TASK MATERIAL>
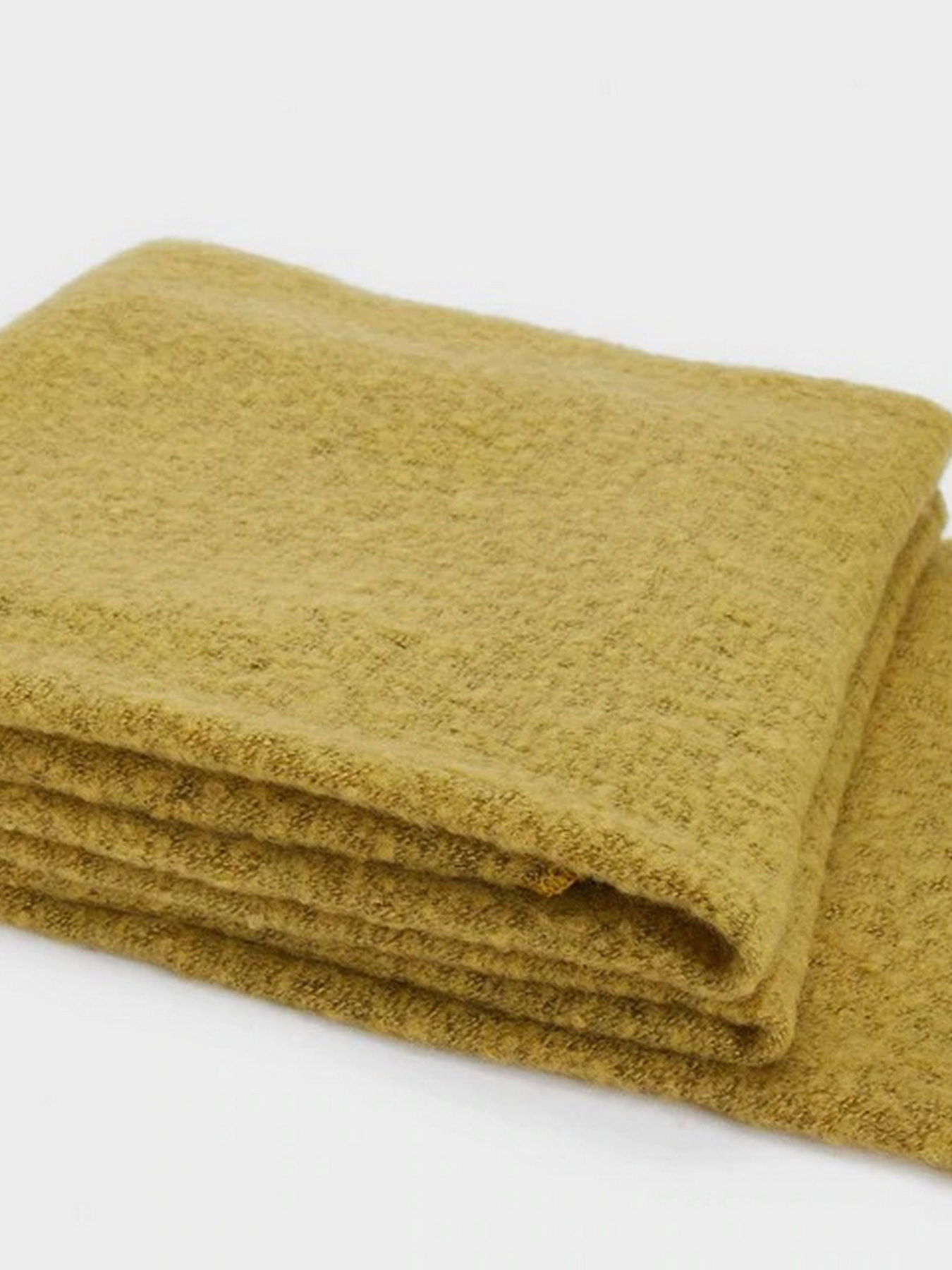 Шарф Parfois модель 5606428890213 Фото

* * *

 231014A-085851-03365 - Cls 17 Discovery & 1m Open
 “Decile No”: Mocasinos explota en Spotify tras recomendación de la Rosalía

--

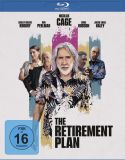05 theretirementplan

PROBLEM TO SOLVE>
In the entries above, find the line with "231014A-085851-03365 - Cls" and the line with "de la Rosalía", then set down exactly those two and every line between them, nothing else.

RESPONSE BOX>
 231014A-085851-03365 - Cls 17 Discovery & 1m Open
 “Decile No”: Mocasinos explota en Spotify tras recomendación de la Rosalía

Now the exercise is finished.